Automated Computed Tomography Segmentation of the Pharyngeal Airway and Palate to Accelerate Tübingen Palatal Plate Fabrication in Pierre Robin Sequence.
Authors
Affiliations (5)
Affiliations (5)
- Division of Plastic Surgery, Department of Surgery, Faculty of Medicine Siriraj Hospital, Mahidol University, Bangkok.
- Faculty of Information and Communication Technology, Mahidol University, Nakhon Pathom.
- Department of Radiology, Faculty of Medicine Siriraj Hospital, Mahidol University.
- Dental Department, Faculty of Medicine Siriraj Hospital, Mahidol University.

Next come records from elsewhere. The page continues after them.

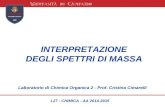INTERPRETAZIONE DEGLI SPETTRI DI MASSA Laboratorio di Chimica Organica 2 - Prof. Cristina Cimarelli L27 - CHIMICA - AA 2014-2015.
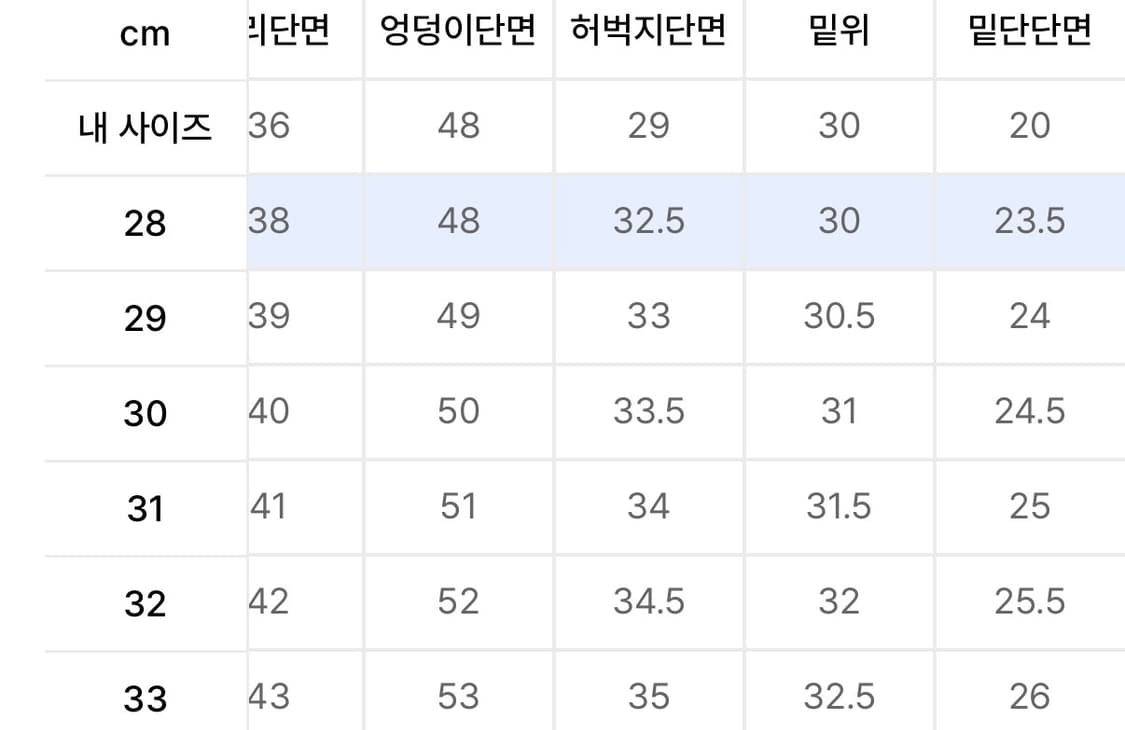 모드나인 블루 컬러 유니폼 - MOD7w 29사이즈 상품이미지3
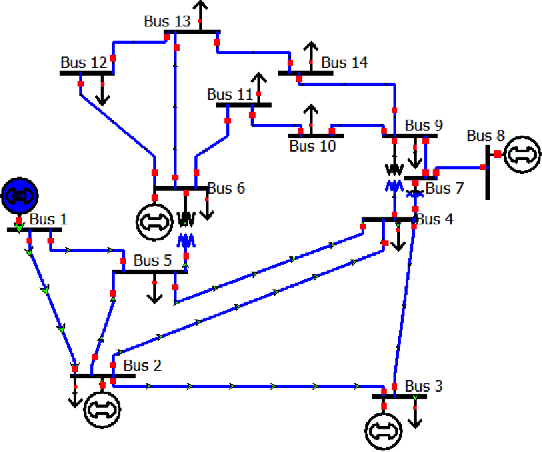 Figure 3 for Deep Learning based Covert Attack Identification for Industrial Control Systems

- Department of Otorhinolaryngology, Faculty of Medicine Siriraj Hospital, Mahidol University, Bangkok, Thailand.
Abstract
Infants with Pierre Robin sequence frequently develop upper airway obstruction due to micrognathia and glossoptosis. The Tübingen palatal plate repositions the tongue base anteriorly to improve airway patency; however, conventional fabrication requires serial intraoral impressions and repeated nasoendoscopy, which prolongs airway compromise. Computed tomography (CT) enables single-session virtual spur design, yet manual pharyngeal airway and hard palate segmentation is labor-intensive, delaying treatment. The authors evaluated convolutional neural network-based automated segmentation to accelerate CT-guided Tübingen palatal plate fabrication using 74 low-dose head-and-neck CT scans (50 pre-contrast, 24 phonation) annotated retrospectively by 3 raters. Two-dimensional and 3-dimensional U-net models were trained with 5-fold cross-validation; ablation experiments compared cropping versus resizing; sagittal, coronal, versus axial planes; multiclass versus one-versus-rest strategies; and batch splitting. Primary outcome: dice similarity coefficient (DSC); secondary outcomes: inference time and contouring time saved. The 2-dimensional U-net achieved the best accuracy-efficiency balance, with mean DSC 0.8835 (palate 0.8741; airway 0.8928). Cropping improved sagittal DSC from 0.8584 to 0.8690. Multiclass and one-versus-rest DSC were comparable; semi-supervised pretraining conferred minimal benefit. Inference required <60 seconds on a single graphics processing unit, reducing manual contouring by approximately 25 minutes per patient and enabling same-day computer-aided design/computer-aided manufacturing printing. Automated CT segmentation eliminates a major clinical bottleneck, supporting faster, safer, and more personalized airway management for Pierre Robin sequence infants, and warrants prospective validation.